17. INDEMNITY AND INSURANCE

(A) Supplier shall indemnify, keep indemnified and hold harmless Buyer and its Affiliates and their respective officers, directors and employees, in full against all losses, liability, damages, costs, claims and all expenses, including reasonable legal fees and expert fees, arising directly out of Supplier’s performance of the Services and/or supply of the Goods (or lack thereof) or from Supplier's breach of the terms of the Purchase Order (including these terms and conditions), including claims, actions or legal proceedings alleging:(i) death, personal injury or property damage; or
(ii) any design or defect within the content of the Deliverables; or
(iii) any defect in the design, workmanship or manufacture of the Goods; or
(iii) any violation by Supplier of any law, rule or regulation applicable to Supplier or Supplier’s business, facilities or operations, including in relation to the supply of the Goods and/or the provision of the Services; or
(iv) any act or omission of Supplier or its employees, agents or sub-contractors in supplying the Goods and/or providing the Services or producing the Deliverables, including any injury, loss or damage to persons caused or contributed to by any of their negligence or by faulty design, workmanship or materials.

(B) Neither Supplier nor Buyer shall be liable to the other for any indirect losses arising out of its breach of the terms of the Purchase Order. Notwithstanding the foregoing, nothing under the terms of the Purchase Order shall exclude Buyer or Supplier's liability for: (i) death or personal injury arising from its negligence; (ii) fraud or fraudulent misrepresentation; (iii) any other losses which may not be excluded by law.

(C) Upon receipt of a written request from Buyer, Supplier shall, at its sole expense, provide Buyer with reasonable access to documents, records and witnesses in connection with Buyer’s defence and resolution and resolution of any claim, action or legal proceedings referred to in clause 17(A) above.

(D) Buyer may, in its sole discretion, require Supplier to defend and resolve any claim, action or legal proceedings referred to in clause 17(A) above. In the event that Buyer so requires, Supplier shall absorb all loss, liability, damages, costs and all expenses, including reasonable legal fees and expert fees, in connection with such defence.

(E) Supplier shall at all times insure and keep itself adequately insured with a reputable insurance company against all insurable liability in connection with the Goods and Services and, in particular, against all its liabilities under the Purchase Order and against the consequences of any act or default of Supplier's, Supplier’s Affiliates and sub-contractors’ employees whilst on the premises of Buyer (or Buyer's Affiliate) and shall, on request, provide Buyer with such evidence of insurance as Buyer may reasonably require. Supplier shall provide all reasonably practicable assistance required by Buyer or its insurers for the purposes of contesting or dealing with any action, claim or matter arising out of Supplier’s performance of the Purchase Order or failure to perform. Without prejudice to Supplier's other obligations in this clause 17, Supplier shall arrange Public Liability insurance with reputable insurers, in its own name against the risk assumed under this clause 17 to a value of not less than £5,000,000 per incident.

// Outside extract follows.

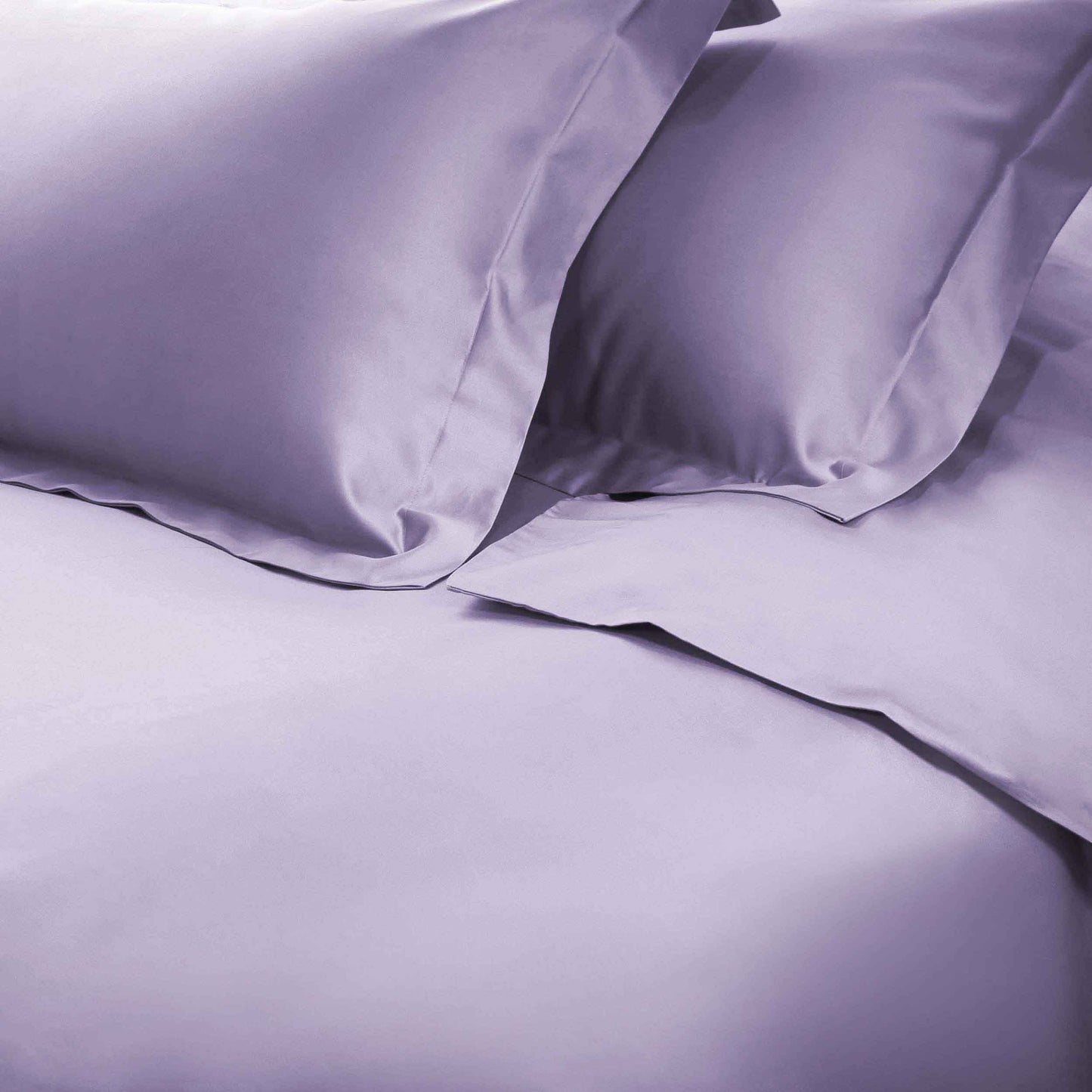 Egyptian Cotton 650 Thread Count Solid Duvet Cover Set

(F) Supplier shall co-operate as far as reasonably practicable with Buyer and its Affiliates in defending any actions or claims brought against Buyer or its Affiliates. Such co-operation shall include, but not be limited to, providing documents, drawings, computer files or other materials reasonably requested by Buyer or its Affiliates, and providing any other support reasonably requested by Buyer, its Affiliates or Buyer’s professional advisers.

(G) Without prejudice to clause 17(E), Supplier shall arrange suitable and adequate professional indemnity insurance and product liability insurance in its own name and it shall maintain such insurance cover with internationally recognised reputable insurers and such insurance cover shall include defending litigation outside its local jurisdiction (including, but not limited to, within the United States of America).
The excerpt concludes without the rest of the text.